Succession Planning - Building for Succession

By Tina Peters, CPA, CGA
Published: 2001

Are you taking it with you? Building your practice for succession.

This is the first in a series of articles that will assist practitioners in establishing their exit strategy. The purpose of this article is to bring the concept of succession to the forefront and raise some of the concepts and issues to consider when contemplating succession.

Regardless whether a practitioner is just beginning, in the middle or approaching the end of their career they often have the same reaction when they consider the subject of succession. Mortal fear.

“So when will you be retiring?” I feel a pause in the conversation as their mind yearns for a slower pace but cannot yet face the realization that they may one day have to say good-bye to clients and staff that they have enjoyed working with for so many years. “Well, I haven’t really thought about it, yet,” is the response. The demands of everyday practice often impede the ability for you to focus on the long-term goal of ensuring that your practice not only continues to grow but does so after your active involvement ceases. That growth will enable a successor to fund your buyout. The time that you take now in preparing your succession plan will ensure that growth, and definitely safeguard your financial future.

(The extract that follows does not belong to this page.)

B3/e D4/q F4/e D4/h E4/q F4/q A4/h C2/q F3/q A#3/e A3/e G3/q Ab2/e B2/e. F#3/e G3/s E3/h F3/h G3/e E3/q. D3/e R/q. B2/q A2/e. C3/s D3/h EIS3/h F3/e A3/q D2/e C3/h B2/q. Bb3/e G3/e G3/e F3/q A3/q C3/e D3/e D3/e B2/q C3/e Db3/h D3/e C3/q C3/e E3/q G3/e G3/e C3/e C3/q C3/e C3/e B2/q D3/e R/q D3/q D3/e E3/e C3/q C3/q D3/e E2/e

Look around your office. Does anyone have the potential to buy you out? Perhaps you do not have any staff. Which practitioner in your community could succeed you? There may not be any obvious hot prospects and the fewer the options the sooner you must consider setting up the infrastructure to attract a successor.

The quality of your existing practice and potential successors is critical. Obviously, a profitable practice is a key element in this process. The more valuable the practice, the easier it is to sell. Depending where you are in your career path, the talent of your existing staff is also very important. As with most practitioners, your practice is the single most important asset that you invest into on a daily basis – and you want to preserve it. Succession planning is a critical step in the process of preservation of your practice.

Succession Planning

Succession planning is not an easy process. A succession plan or an ‘exit strategy’ is very responsible but not very popular. It raises difficult issues, which may be difficult to discuss such as loss of control of your business, potential changes in your financial affairs and the aging process. These selling features don’t make succession planning very popular. However, if you hope to ‘get out of your practice alive’ then succession becomes an issue in much of how you do your day-to-day business.

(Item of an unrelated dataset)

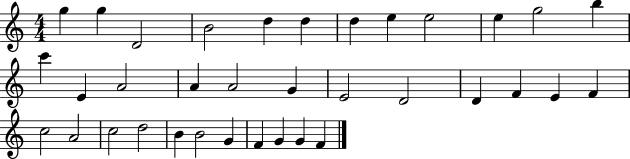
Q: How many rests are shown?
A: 0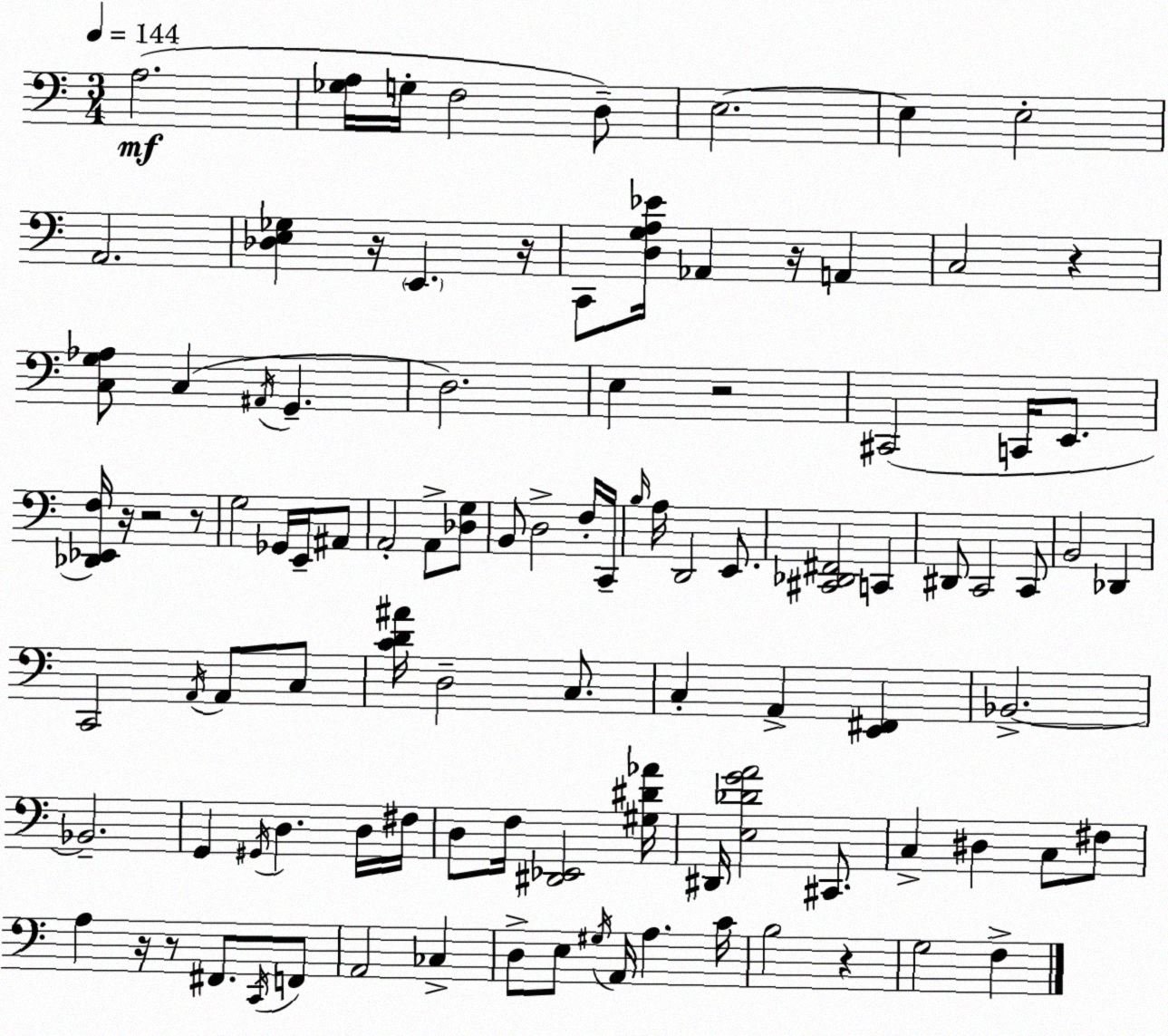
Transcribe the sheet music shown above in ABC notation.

Some practitioners are concerned that they will not be as motivated to build their practice if they focus on leaving it. On the contrary, practitioners who have an established succession plan, have a clearer picture of how they wish to build their practice and do not tend to waste a lot of time on the type of clients that are not very profitable or cause them a lot of stress.

Evaluate your Practice

You must step back and take an objective overview of your practice. If you struggle with doing this yourself, seek advice from someone you trust.

It is wise to set up a reasonable transition period of two full years, if possible, where your potential successor works on contract, as an equity employee and/or as a partner over that period to facilitate a smooth transition and maximize your income stream from the practice. Be aware that if you are a sole practitioner and are used to working independently, having to share decision-making can be a real challenge.

Train your successor

How can a staff person or potential candidate take over a business if they don’t get any training? If it is a staff member, you may have trained them on their technical skills but do you have the patience (and confidence) to train them on how to run a public practice.

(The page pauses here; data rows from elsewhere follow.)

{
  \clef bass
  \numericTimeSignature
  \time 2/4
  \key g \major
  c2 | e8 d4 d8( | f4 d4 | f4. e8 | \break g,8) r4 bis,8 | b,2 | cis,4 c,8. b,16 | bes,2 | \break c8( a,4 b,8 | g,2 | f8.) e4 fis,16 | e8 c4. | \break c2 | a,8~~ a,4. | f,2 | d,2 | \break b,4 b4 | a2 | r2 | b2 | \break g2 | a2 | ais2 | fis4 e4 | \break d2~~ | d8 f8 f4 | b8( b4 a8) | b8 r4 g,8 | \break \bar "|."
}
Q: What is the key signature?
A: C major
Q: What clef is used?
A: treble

As a practitioner, you are the mentor. A potential partner who has never owned a public practice is new to being an entrepreneur. Young entrepreneurs need to learn how to make good decisions and how to seek out advice they can trust. They need strong skills in strategic decision making, planning, communications, capital investment decisions, credit management, cost control, marketing, employee relations, and then they need to have the technical skills that fit the existing practice and its potential growth. It is interesting to note that most accountants have very similar technical skills but the most successful practitioners have strong business skills.

Train yourself

During the transition period prior to retirement, you will have to find a balance between being available to assist your successor and being critical of their business decisions. If you want freedom, you cannot afford to be critical to the day-to-day goings on of the operation.

In conclusion, the smoothly planned succession of your business is essential to ensure its continued success. The loyalty of your clients and the harmony of your employees may be jeopardized if your succession is not adequately planned.